On June 13, the Eighth Civil Chamber of Mexico City ruled that Google is responsible for creating and distributing the blog, which is hosted on Bloggerplatform of Google Inc, and which is always available on the Internet.
The background to the legal problem Google is facing in Mexico
According to the Mexican justice, Google violated the rights to personality and honor of the lawyer, who in 2015 sued the American companyits subsidiary in Mexico and the author of the blog.
Ulrich Richter Morales has denounced Google for distributing the blog, where he is accused of serious crimes and of teaching his partner to falsify documents. Photos of Richter and his family were released in the publication.
The attorney is working on a court case for the recreational use of marijuana in the country and has extensive legal experience, He has represented companies such as TV Azteca, Revista Proceso and Mexican politicians. like the former governor of Coahuila, Humberto Moreira Valdez.
The tech giant failed to appeal the conviction
In 2021, when Judge Judith Cova Castillo sentenced Google to pay 2 billion pesos for “tolerating and authorizing illicit advertising and unwarranted dissemination of illicit blog content worldwide”, the tech giant appealed the decision.
The call hurt Google since the resolution is a new court sentence where he is forced to pay 5,000 million pesos to the lawyer.
Mexican justice condemns Google Inc
With votes in favor of magistrates Manlio Castillo Colmenares and Álvaro Augusto Pérez Juárez, the Eighth Civil Chamber resolved the lawsuit in favor of Ulrich Richter Morales, named Alejandro Gutiérrez Torres as the author of the text and indicated that Google Inc, an American company, is responsible for spreading the accusations against the lawyer Mexican.

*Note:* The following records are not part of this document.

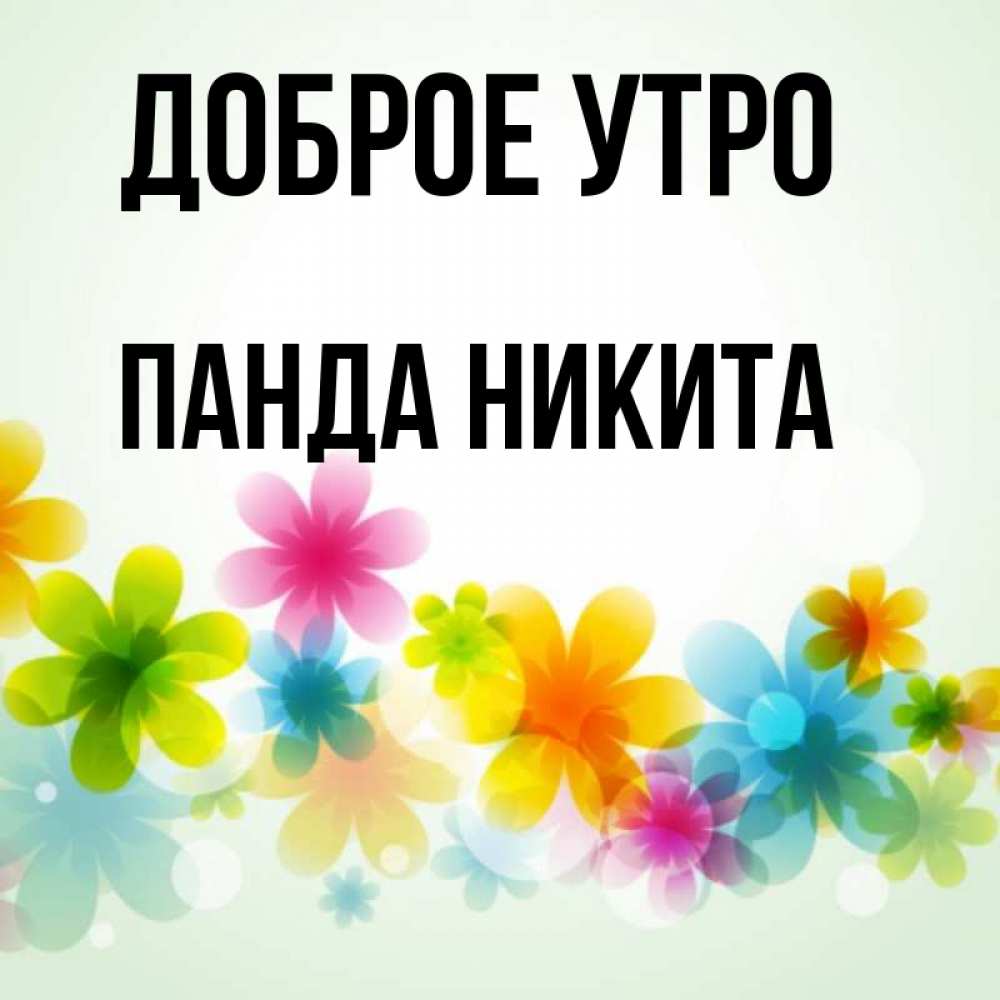 Открытка на каждый день с именем, панда-Никита Доброе утро позитивные цветочки Прикольная открытка с пожеланием онлайн скачать бесплатно 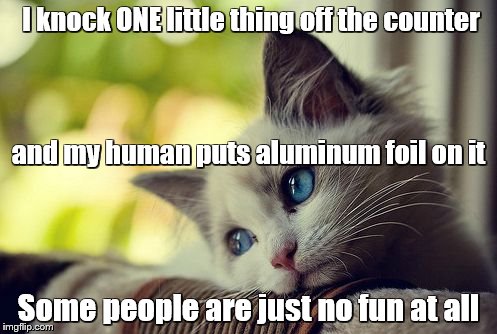 First World Problems Cat | I knock ONE little thing off the counter; and my human puts aluminum foil on it; Some people are just no fun at all | image tagged in memes,first world problems cat | made w/ Imgflip meme maker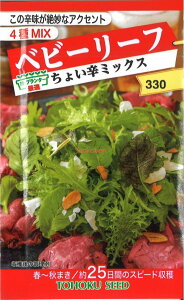 yszy5܂܂80~z seed  tane  q@xr[[t傢h~bNX xr[[t傢h~bNX seed  tane  qxr[[t傢h~bNX seed  tane 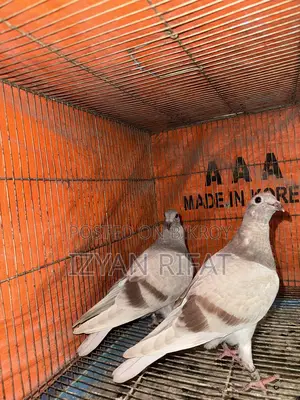 Mili Racer Baby Pair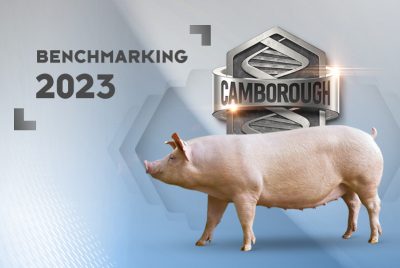 benchmarking-camb23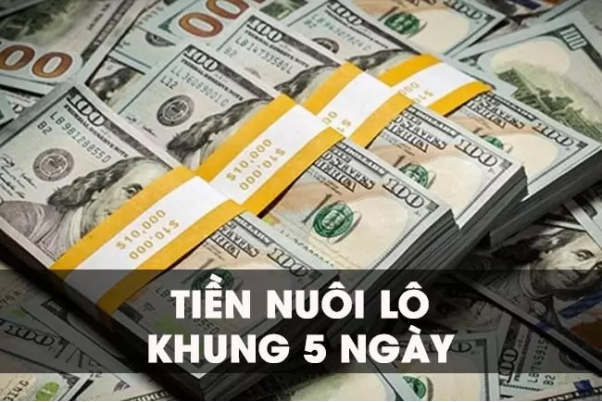 Sơ lược về cách vào tiền nuôi lô cặp 5 ngày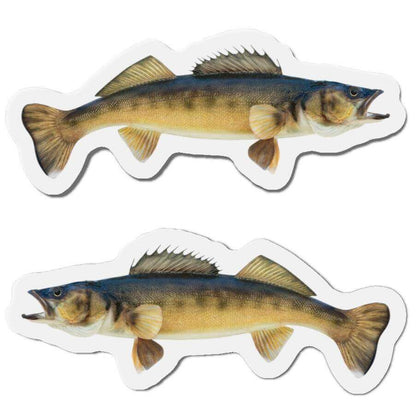 Walleye fish shaped magnets in left and right-facing designs for fishing fans and fun fridge décor.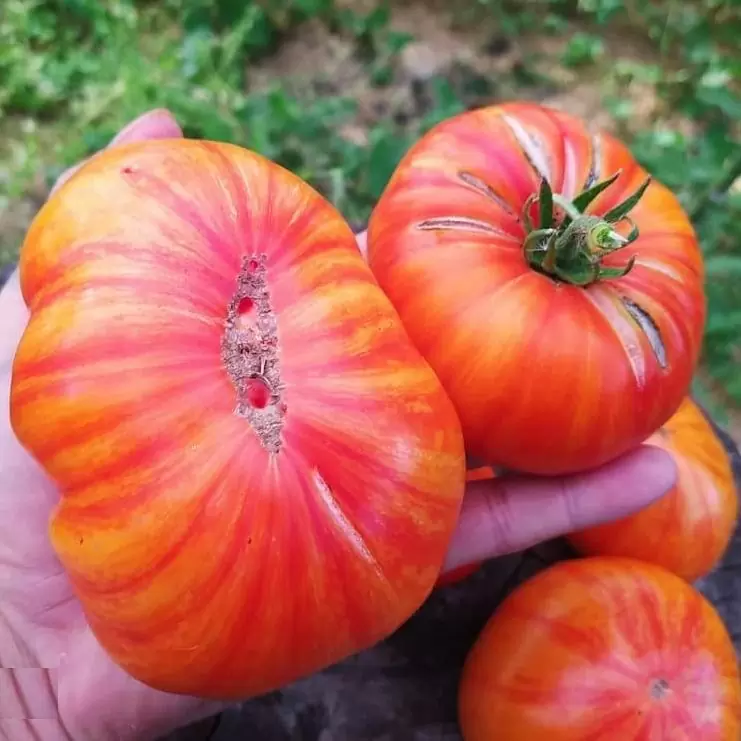 Томат Большой оранжевый полосатый (Big orange striped)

The branch of Google in Mexico was exempt from liabilitybecause you have no control over the Blogger platform.
According to a Google spokesperson, the phrase is “arbitrary, excessive and without any basis”, assured that the company will defend itself until the last resort. “Decision infringes freedom of expression and other fundamental principles and we hope that the federal courts will act in strict accordance with the law“, said.
As, Richter Morales celebrated the sentence and says that the sanctions are taken according to the income of the offender.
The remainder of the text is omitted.